A sales tax is being discussed at the county level to help fund projects spurred on by a 20 million square foot manufacturing campus that Foxconn Technology Group wants to build.
Racine County has the ability to tack on a half-percent local tax on top of the 5 percent sales tax. It is among a handful of counties that have yet to charge the tax.
Governor Scott Walker signed a $3 billion 15-year tax incentive package to establish Wisconnn Valley, which is where electronics manufacturer Foxconn Technology Group is expected to construct a $10 billion manufacturing campus. Hinged on Foxconn making capital expenditures and hiring employees at the plant, the tax incentive package is expected spur 10,000 construction jobs and 3,000 permanent hires to work at the plant.
The county issued the following statement:
“Racine County is carefully evaluating numerous funding options to support the once-in-a-generation investment being considered by Foxconn and the unprecedented benefits that investment would bring to Racine County residents. At this preliminary stage of exploration, it would be premature to comment on specifics. However, it is important to note that as we consider all of our options, we will continue to maintain our commitment to fiscal conservatism and to ensuring the best deal for county taxpayers.”
The Taiwanese-based company wants to make LCD screens.
Some Land, Property Owners Collectively Hire Lawyer
The location of the manufacturing facility has not officially been named. However, the Village of Mount Pleasant hired a project coordinator for the Foxconn project earlier this month. The village also requested that the Racine Water and Wastewater Utility expand and extend water and sewer capacity for an anticipated development.

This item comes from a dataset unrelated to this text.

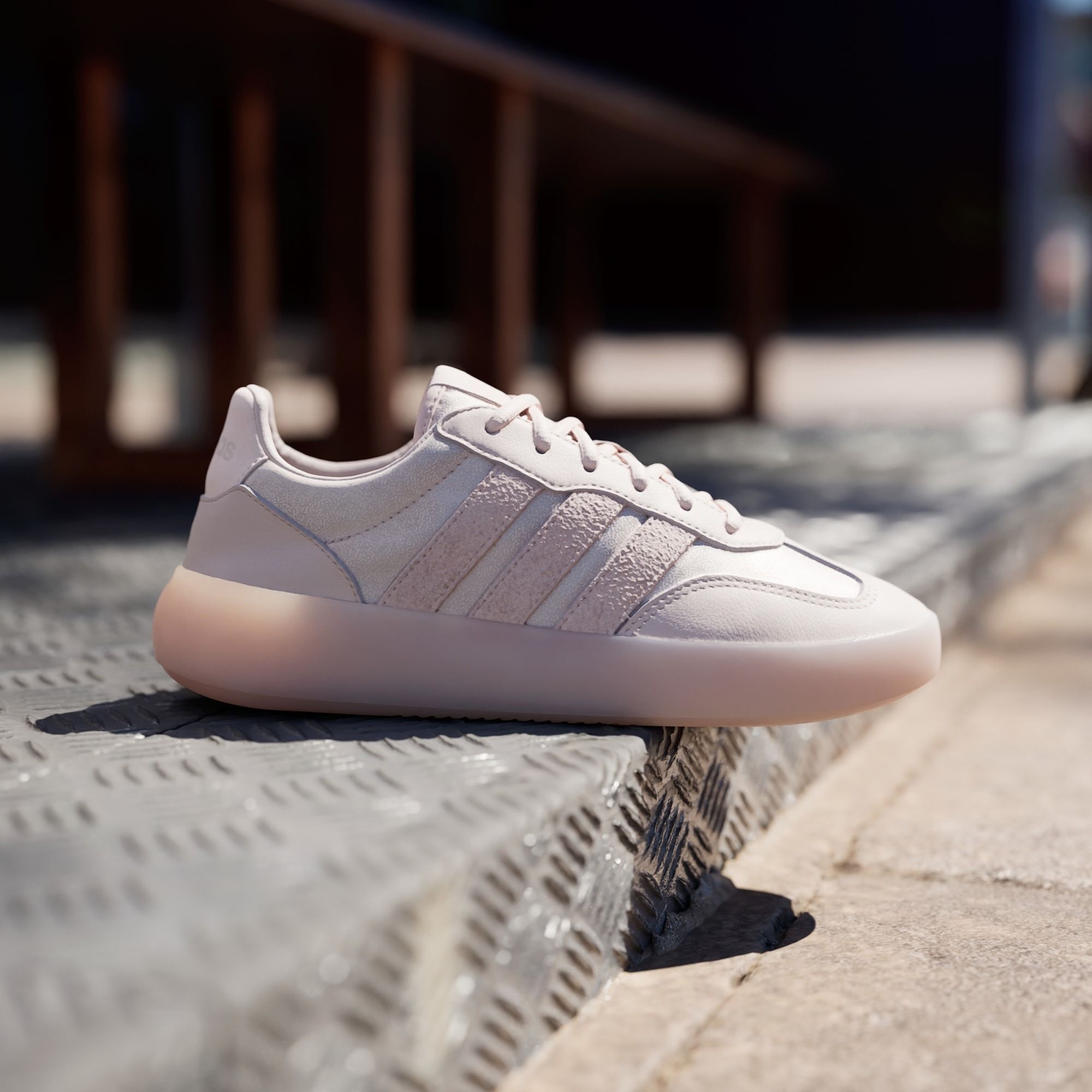 Кеды женские Adidas Barreda Decode JR1222 36 (3.5 UK) розовые фото 12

Racine County Eye spoke with Thomas Devine, the attorney representing about 25 to 30 home and landowners that live south of Highway 11, west of Airline Road, north of Braun Road and east of Interstate 94. They have all received letters from an interested party indicating that they would like the option to buy their property.
But all of Devine’s clients have decided not to take the option. Some of the families have lived on their land for generations. They would rather remain on their familial land if possible, he said.
Still, the sales process has not been defined.
“We’re waiting for the decision to move forward with the purchase of the land,” Devine said. “We’re waiting to understand what the purchase process is going to be.”